Venture capital firms continue to wrestle with Standard 157 of the Financial Accounting Standards Board (FASB), now codified as Accounting Standards Codification Topic 820, which establishes guidelines for determining the fair value of assets and liabilities on financial statements.

As VC firms generally invest in early stage start-ups, the underlying concepts of Topic 820 are often difficult to apply or frequently considered irrelevant. Most VC firms have the in-house expertise to conduct these valuations internally, which saves money and, to some extent, influences the outcome. But an internal effort may consume much of the CFO’s time.


Doing it different

There is no reason to think that such in-house valuations are unreasonable. But, the fact that they often lack defensible documentation for the input factors exposes VC firms to possible regulatory scrutiny.

We believe that VC firms have a ready, yet often overlooked, source of verifiable valuation information to support their Topic 820 compliance: the Internal Revenue Code Section 409A valuations of their portfolio companies.

Section 409A requires that when private companies grant stock options to employees, those options be granted at a strike price equal to or above its fair market value to avoid income tax penalties.

VC-backed privately held companies generally hire third-party appraisers to determine this fair market value. This saves time and money, but more important, transfers the risk of facing auditors to appraisers who are motivated to protect themselves through careful assumptions and value derivations.


A historical perspective

A brief discussion of the concept of “fair value” is appropriate here.

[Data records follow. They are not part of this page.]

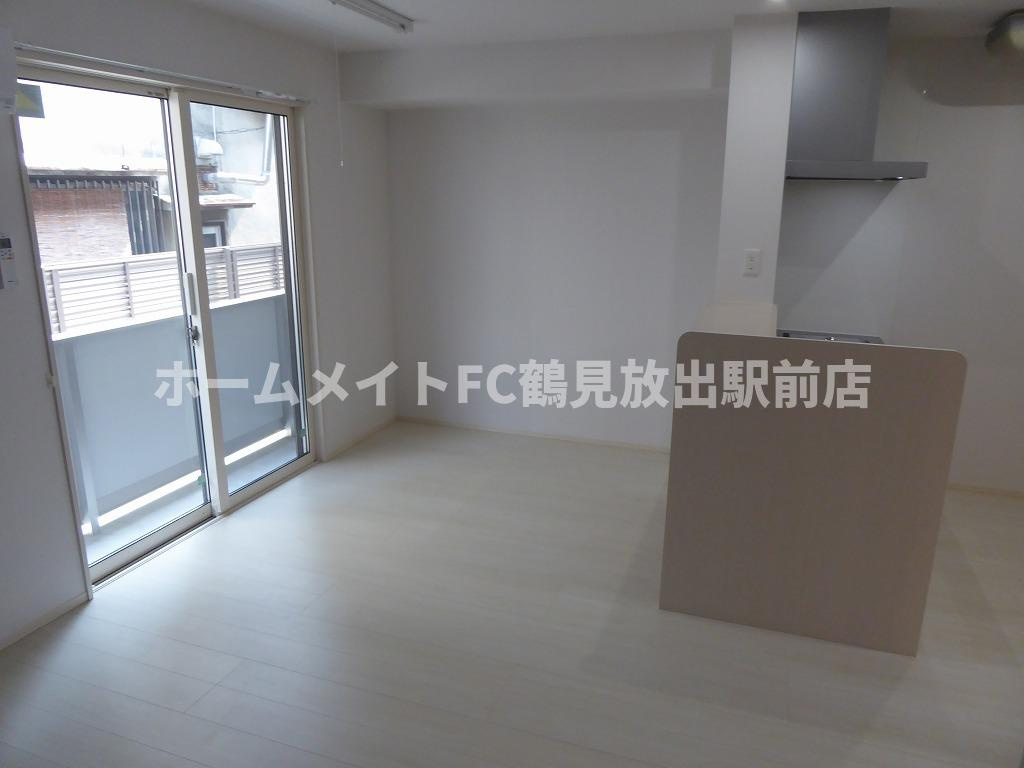 東大阪市稲田上町１丁目のアパートの居間・リビング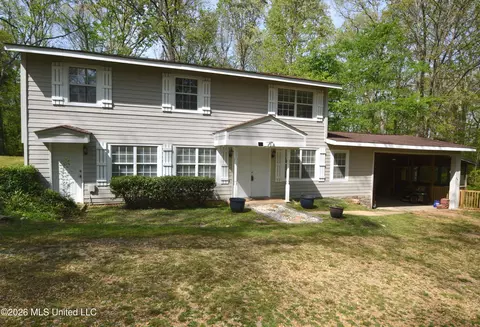 590 Leewood Rd, Holly Springs, MS 38635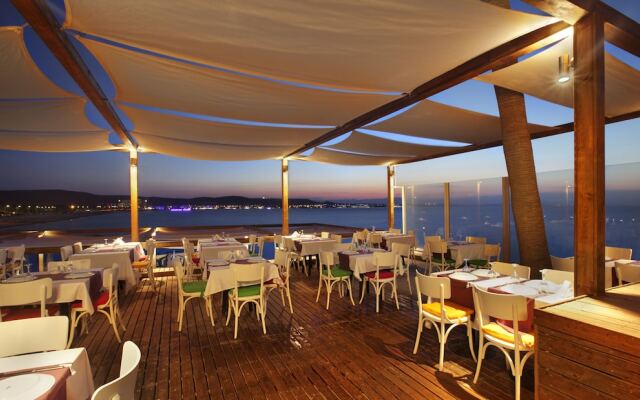 Ceshme Plus Hotel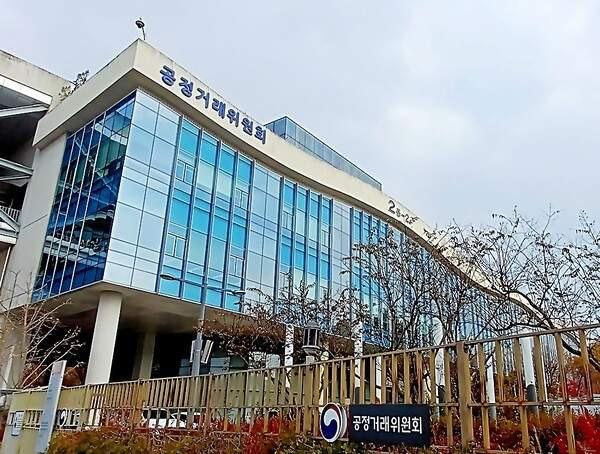 공정위 한솔제지&middot;무림 등 6개 제지사 '종이값 담합' 적발... 과징금 3383억 폭탄 및 가격 재결정 명령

The fair value standard as defined for financial reporting purposes before Topic 820 defined it was almost identical to the fair market value standard set by revenue rulings for Section 409A purposes. For all practical purposes, the two value standards were considered consistent with each other.

It’s true that the Topic 820 definition introduced or refined some concepts (e.g., exit price, most advantageous market, and inputs hierarchy), but we believe that when analyzed in light of the nature of the assets in question (i.e., investments in illiquid privately held start-ups), the perceived differences are not significant enough to cause any material differences in the conclusion.
The problem area we foresee is that portfolio companies understandably have a bias toward a conservative valuation to make stock options attractive to employees, while VC firms are inherently inclined to have relatively higher valuations.

There is, therefore, a perception that the Topic 820 and 409A valuations derived for the same portfolio company for the same time period vary significantly. This could lead to potential compliance or corporate governance issues in the future.

A potential win-win

Nevertheless, we encourage VC firms to examine their portfolio company 409As closely. We predict they will find much information based on rigorous independent analysis that they can use to comply with Topic 820.

VC firms would do well to establish an internal process to tap into the 409A valuation resources of their portfolio companies. By doing so, they may improve portfolio oversight. Perhaps more important, VC firms may also be able to use 409A input data as a reliable hedge against potential Topic 820 noncompliance liabilities that may arise because of inconsistent value conclusions derived for different purposes but for similar value standards. Why burn the candle at both ends?